Can you provide more information? Can you ping the pod ip from host network? Can you curl the pod port from inside the pod?
from galaxy.
@chenchun
ping and curl both succeed in the pod
[root@k8s-master-01 ~]# kubectl get po -o wide
NAME READY STATUS RESTARTS AGE IP NODE NOMINATED NODE READINESS GATES
nginx-floatingip-c895bbb7f-hs9bk 1/1 Running 1 2d 10.177.140.46 10.177.140.16 <none> <none>
nginx-floatingip-c895bbb7f-tkl8j 1/1 Running 0 2d 10.177.140.53 10.177.140.18 <none> <none>
nginx-floatingip-c895bbb7f-tplc9 1/1 Running 1 2d 10.177.140.44 10.177.140.16 <none> <none>
[root@k8s-master-01 ~]# kubectl exec -it nginx-floatingip-c895bbb7f-hs9bk -- sh
/ # ping 10.177.140.46
PING 10.177.140.46 (10.177.140.46): 56 data bytes
64 bytes from 10.177.140.46: seq=0 ttl=64 time=0.046 ms
64 bytes from 10.177.140.46: seq=1 ttl=64 time=0.070 ms
^C
--- 10.177.140.46 ping statistics ---
2 packets transmitted, 2 packets received, 0% packet loss
round-trip min/avg/max = 0.046/0.058/0.070 ms
/ # curl 10.177.140.46
<!DOCTYPE html>
<html>
<head>
<title>Welcome to nginx!</title>
<style>
body {
width: 35em;
margin: 0 auto;
font-family: Tahoma, Verdana, Arial, sans-serif;
}
</style>
</head>
<body>
<h1>Welcome to nginx!</h1>
<p>If you see this page, the nginx web server is successfully installed and
working.
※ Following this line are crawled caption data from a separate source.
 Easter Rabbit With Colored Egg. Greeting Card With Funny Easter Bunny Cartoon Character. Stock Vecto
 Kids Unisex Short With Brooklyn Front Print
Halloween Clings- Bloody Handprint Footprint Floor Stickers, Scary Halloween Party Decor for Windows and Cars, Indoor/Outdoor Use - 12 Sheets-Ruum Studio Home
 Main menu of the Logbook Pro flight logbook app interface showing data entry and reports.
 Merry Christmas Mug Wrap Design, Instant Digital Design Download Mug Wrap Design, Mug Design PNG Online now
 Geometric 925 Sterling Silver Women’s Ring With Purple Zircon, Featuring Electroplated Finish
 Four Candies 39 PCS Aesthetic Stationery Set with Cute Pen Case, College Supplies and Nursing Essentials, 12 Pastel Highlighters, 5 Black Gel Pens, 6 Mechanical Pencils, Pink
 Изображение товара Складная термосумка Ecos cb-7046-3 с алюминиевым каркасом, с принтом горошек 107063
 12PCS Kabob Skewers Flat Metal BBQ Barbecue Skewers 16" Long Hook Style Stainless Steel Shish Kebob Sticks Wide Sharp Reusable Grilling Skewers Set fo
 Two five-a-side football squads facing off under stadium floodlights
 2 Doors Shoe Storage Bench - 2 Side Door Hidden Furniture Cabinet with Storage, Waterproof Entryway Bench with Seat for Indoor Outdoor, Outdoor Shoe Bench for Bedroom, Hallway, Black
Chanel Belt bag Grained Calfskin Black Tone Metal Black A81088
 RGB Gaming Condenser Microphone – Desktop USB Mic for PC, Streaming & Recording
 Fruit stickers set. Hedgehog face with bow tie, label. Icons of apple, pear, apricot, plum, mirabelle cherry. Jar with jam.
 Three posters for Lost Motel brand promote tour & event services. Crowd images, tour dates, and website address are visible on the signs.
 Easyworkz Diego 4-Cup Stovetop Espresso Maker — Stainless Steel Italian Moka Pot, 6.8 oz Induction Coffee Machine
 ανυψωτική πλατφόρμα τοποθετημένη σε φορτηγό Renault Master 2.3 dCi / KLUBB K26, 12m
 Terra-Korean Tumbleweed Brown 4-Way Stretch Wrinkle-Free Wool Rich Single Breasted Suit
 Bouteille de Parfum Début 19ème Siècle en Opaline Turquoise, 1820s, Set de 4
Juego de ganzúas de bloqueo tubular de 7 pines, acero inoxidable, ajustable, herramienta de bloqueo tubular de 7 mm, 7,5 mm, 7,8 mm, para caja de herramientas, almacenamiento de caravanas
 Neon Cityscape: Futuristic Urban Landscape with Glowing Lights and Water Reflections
Further configuration is required.</p>
<p>For online documentation and support please refer to
<a href="http://nginx.org/">nginx.org</a>.<br/>
Commercial support is available at
<a href="http://nginx.com/">nginx.com</a>.</p>
<p><em>Thank you for using nginx.</em></p>
</body>
</html>
/ #
But ping or curl pod both failed if pod scheduled in the node. For example, the pod nginx-floatingip-c895bbb7f-hs9bk
scheduled in the 10.177.140.16
node, ping or curl both failed
from galaxy.
May I ask what is the underlay network? Is it a VPC or a IDC network?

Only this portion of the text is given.